Le docteur Elizabeth Yardley ne partage pas le même jugement. « J'ai rencontré des psychopathes qui avaient subi des abus horribles ou avaient été négligés par leurs parents. Ils s'étaient transformés en robots pour survivre », explique-t-elle. « Mais j'en ai aussi rencontré d'autres, qui ont reçu une éducation tout à fait normale, se sont socialisés naturellement et ont quand même fait des choses horribles sans en avoir conscience. »

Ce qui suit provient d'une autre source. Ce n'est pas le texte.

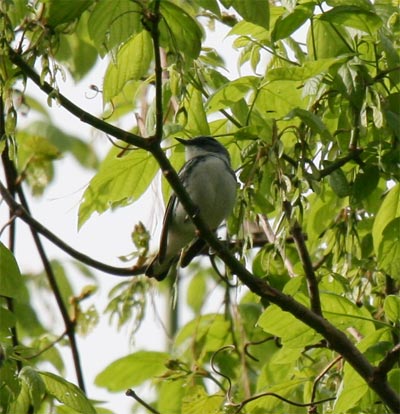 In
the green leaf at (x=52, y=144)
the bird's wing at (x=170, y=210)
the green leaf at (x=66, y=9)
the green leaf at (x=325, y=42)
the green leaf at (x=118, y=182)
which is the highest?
the green leaf at (x=52, y=144)

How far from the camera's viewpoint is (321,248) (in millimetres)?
4082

Les neurosciences peuvent-elles nous en dire plus que l'histoire familiale ? Un petit groupe de chercheurs insinue que les connexions chimiques des psychopathes pourraient être défaillantes, et qu'un manque d'empathie pourrait être visible sur un IRM. C'est intrigant, mais pas vraiment instructif – une activité ou un manque d'activité dans une partie du cerveau ne peut pas nous dire grand-chose sur la psyché d'une personne ou sur sa disposition à commettre des actes répréhensibles. La violence psychotique viendrait plus, comme le sous-entend Yardley, « d'une combinaison désordonnée entre les dispositions naturelles et l'éducation ».

« Dans le cas de Joanna, on a un manque d'empathie, puis une intensification du comportement agressif à mesure que les limites sont franchies les unes après les autres », dit-elle. « Je ne suis pas sûre que nous pourrons déterminer l'élément déclencheur de ces comportements meurtriers. »

Deux victimes de Joanna : Lukasz Slaboszewski (à gauche) et John Chapman (à droite). (Photo : SWNS)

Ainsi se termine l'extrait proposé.